Anyway, is long tailing becoming a trend? I suspect yes. More information and more access to it refines the consumer's outlook and expectations - one size fits all suddenly seems passé. Long tailers like Google and Amazon are burgeoning in numbers and business volume. What got my neurons all fired up are the unique marketing challenges this presents. Traditionally, you would divvy up your markets into segments and address those segments individually. A 'mischievously' hypothetical segment could be baby boomers with, er, recreational ED. A lab accident provides the innovation and targeted marketing manifests itself as an ad showing a 'horney' middle-aged guy. I jest. In a long tail market where the baby boomers' aforementioned tastes are, shall we just say eclectic, when it comes to popping an aphrodisiac, you end up with as many segments as there are boomers. What does this bode for the marketer and the strategist? Not wanting to leave you on a titillating note, here, check out James Cherkoff's thought provoking article on Open Source Marketing.

2 Comments:

  • At 10:01 AM, Blogger PowerYogi said…

    talk about timing. i spent the better part of monday putting first touches to my Kaplan B-plan competition idea and I then I come across your post.

    what fascinates me, lengths of tails notwithstanding, is the what-comes-first conundrum. Should, as someone exploring an idea, one try to fit into these theories; or are the theories a product of ideas gone places never been before? the former approach could limit the creativity required in said endeavors; while the latter increases the risk of failure.
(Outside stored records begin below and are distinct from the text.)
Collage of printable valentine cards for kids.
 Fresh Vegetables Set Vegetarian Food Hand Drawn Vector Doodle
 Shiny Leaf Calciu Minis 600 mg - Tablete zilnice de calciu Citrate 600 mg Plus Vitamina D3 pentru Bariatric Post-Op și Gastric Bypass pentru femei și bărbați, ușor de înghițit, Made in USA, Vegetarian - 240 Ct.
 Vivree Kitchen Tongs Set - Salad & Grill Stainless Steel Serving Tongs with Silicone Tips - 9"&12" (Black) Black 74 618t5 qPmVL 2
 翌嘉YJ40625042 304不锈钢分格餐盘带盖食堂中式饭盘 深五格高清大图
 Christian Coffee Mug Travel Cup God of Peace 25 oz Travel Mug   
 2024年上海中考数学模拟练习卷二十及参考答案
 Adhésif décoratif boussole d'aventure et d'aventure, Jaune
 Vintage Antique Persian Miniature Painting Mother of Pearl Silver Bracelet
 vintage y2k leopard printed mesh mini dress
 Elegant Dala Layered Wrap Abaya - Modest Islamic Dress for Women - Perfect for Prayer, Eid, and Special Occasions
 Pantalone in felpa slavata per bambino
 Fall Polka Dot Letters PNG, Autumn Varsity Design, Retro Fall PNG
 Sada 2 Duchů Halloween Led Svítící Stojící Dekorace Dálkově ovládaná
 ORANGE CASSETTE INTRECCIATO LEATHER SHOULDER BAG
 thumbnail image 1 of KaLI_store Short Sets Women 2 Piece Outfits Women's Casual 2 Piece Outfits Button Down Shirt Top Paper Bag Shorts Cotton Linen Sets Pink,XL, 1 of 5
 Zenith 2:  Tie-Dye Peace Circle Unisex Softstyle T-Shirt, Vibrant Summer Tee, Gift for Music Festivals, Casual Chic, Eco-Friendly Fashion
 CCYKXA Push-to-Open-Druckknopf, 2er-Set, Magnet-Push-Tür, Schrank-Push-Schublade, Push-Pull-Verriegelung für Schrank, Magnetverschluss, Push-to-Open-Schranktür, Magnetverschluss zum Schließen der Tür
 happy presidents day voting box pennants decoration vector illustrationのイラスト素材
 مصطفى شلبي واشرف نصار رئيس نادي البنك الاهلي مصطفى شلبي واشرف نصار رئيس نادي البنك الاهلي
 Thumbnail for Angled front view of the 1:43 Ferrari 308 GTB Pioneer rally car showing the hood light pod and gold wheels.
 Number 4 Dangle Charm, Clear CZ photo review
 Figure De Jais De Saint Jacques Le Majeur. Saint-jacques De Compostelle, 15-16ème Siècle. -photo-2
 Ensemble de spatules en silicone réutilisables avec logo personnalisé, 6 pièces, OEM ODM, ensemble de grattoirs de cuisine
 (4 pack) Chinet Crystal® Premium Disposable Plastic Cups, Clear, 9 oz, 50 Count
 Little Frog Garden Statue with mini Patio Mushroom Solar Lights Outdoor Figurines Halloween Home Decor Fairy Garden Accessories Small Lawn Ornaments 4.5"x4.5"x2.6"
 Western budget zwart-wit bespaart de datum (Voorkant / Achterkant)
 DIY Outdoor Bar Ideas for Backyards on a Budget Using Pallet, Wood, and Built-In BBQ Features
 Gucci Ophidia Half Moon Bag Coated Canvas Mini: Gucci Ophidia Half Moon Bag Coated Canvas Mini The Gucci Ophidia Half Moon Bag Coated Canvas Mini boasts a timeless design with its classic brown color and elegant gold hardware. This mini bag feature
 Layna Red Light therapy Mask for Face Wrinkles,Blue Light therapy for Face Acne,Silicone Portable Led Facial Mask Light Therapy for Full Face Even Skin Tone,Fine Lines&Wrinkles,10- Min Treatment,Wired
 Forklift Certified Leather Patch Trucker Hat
    is there an obvious middle ground?

     
  • At 11:38 PM, Blogger sorebrek said…

    At the risk of pontificating, here're my views on it:
    I harbor the opinion that a startup of 5 people needs nothing more than a great idea backed by nimble and solid execution (grounded in old-fashioned economic principles). In fact, I will go to the extent to postulate that an MBA running a 5-person startup may actually be detrimental - feel free to blow-torch me on this one. I see a generational lifecycle for a company - a certain kind of mindset is called for to run a 5-people startup, another one for taking it from 5 to 50 employees and yet another one for taking it from 50 to 500. However, I think that the segmentation distribution (the tail check) is independent of this. It is really the nature of the beast that your idea is. Is it a mass-market product that no one thought about (e.g. sliced bread) or is it one that needs targeted treatment (e.g. custom-fit shoes)?
    Call me skeptical, but these days I think world-changing business ideas are few and far. I think a business idea can only be world changing if it has either direct or indirect economic potential for changing the way we do things - tail or no tail. I am curious about your middle of the road approach.